Assembly Language instruction into Machine language instruction

Question

Reference : Question:

I'm not getting the same values as they do in their answer.

The opcode for ld (immediate) is 0x31 = 0011 0001 The value is 0x10A = 0001 0000 1010. I dont know how to account for the Ri register here.

The physical format for ld (0x31) is two words long.

Word 1: bits 7-2 are for the opcode. Therefore the binary sequence for ld gets shortened to 110001 bits

bits 1-0 are for Ri.

Word 2: all 8 bits reserved for value

10A = 0001 0000 1010 gets shortened to ... 0000 1010? What about the 0001? :(

My result - 1100 01 Ri 0000 1010.

Answer 1

Yeah the answer in the image is wrong, that's for 0x10D not 0x10A. Yours is wrong too.

For starters, ld has two versions, one for memory load and one for constant load. The one in the question is the memory load, and that has opcode 0x30 . Ri is just the register number for the operand, and that's clearly 1 here. Thus, the first byte looks like 1100 0001 (this is correct in the image). Then you just need to put the constant after it as two bytes, big endian.

So, the correct answer is 1100 0001 0000 0001 0000 1010

Answer 2

Looking at the documentation included in the question, there are several instructions that are being proposed. The machine has four 8 bit registers which are numbered R0, R1, R2, and R3 which are addressed using two bits.

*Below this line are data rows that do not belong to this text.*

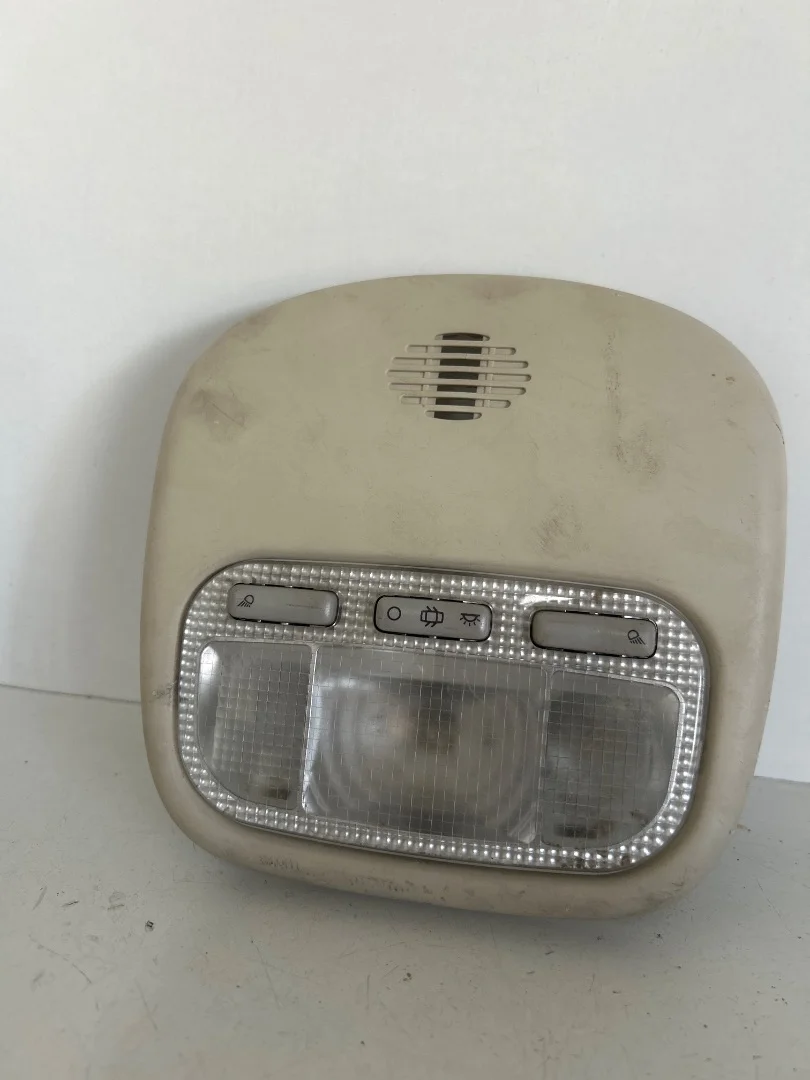 Foto de LUZ INTERIOR CITROEN C4 BERLINA 1.6 16V HDi (90 CV / 66 KW) referencia 696877
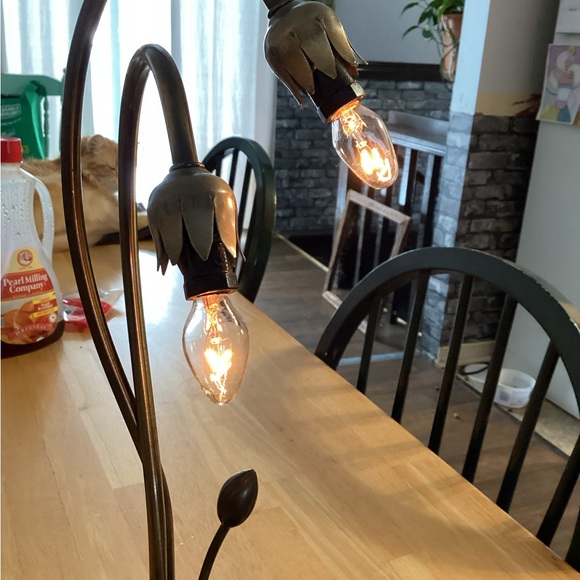 Rare find beautiful brass table lamp - Picture 2 of 7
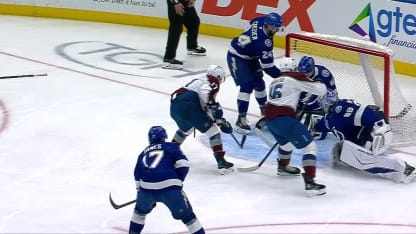 Kelly scores through scramble in front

The op codes for the instructions are specified as two hex digits in the documentation. However in the actual implementation, the op code area of the instructions are not two hex digits in size so you have to take the hex value and shift the value left by 2 bits. So an op code for a load of 0x30 (0011 0000) is left shifted resulting in 0xC0 (1100 0000 in binary) or the op code for a store of 0x32 (0011 0010) is left shifted resulting in 0xC8 (1100 1000) and the register number of zero to three is inserted into the lower two bits of the two hex digits.

The load from address instruction is ld Ri,xxxx where xx is a 16 bit address of the location containing the 8 bit value to load into the register. This load instruction sets the specified 8 bit register (R0, R1, R2, or R3) with the 8 bit value at the specified address.

The actual bit formats for the load instruction are: (1) op code (0x30) in the most significant 6 bits followed by (2) the register number (0 - 3) in the next two bits followed by (3) an 16 bit value that is an address to the value to load.

The ld R1,0x10A should then look like 1100 0001 0000 0001 0000 1010 in binary which separates out as 1100 00 as the op code 0x30, 01 as the register number R1, and 0000 0001 0000 1010 which is 0x010A.

The load immediate ld R3,$-12 should look like 1100 0111 1111 0400 as -12 is 0xfff4

The add R1,R3 should look like 0100 0001 1100 0000 assuming the unused bits are set to zero. This would be 010000 as the 0x10 op code for add, 01 for register R1 and 11 for register R3. The remaining 6 bits in the second 8 bit part of the add instruction are unused and ignored.

The sto R1,0x10B should look like 1100 1001 0000 0001 0000 1011 which is op code of 0x32, register 1, to be stored at the 16 bit address of 0x010B.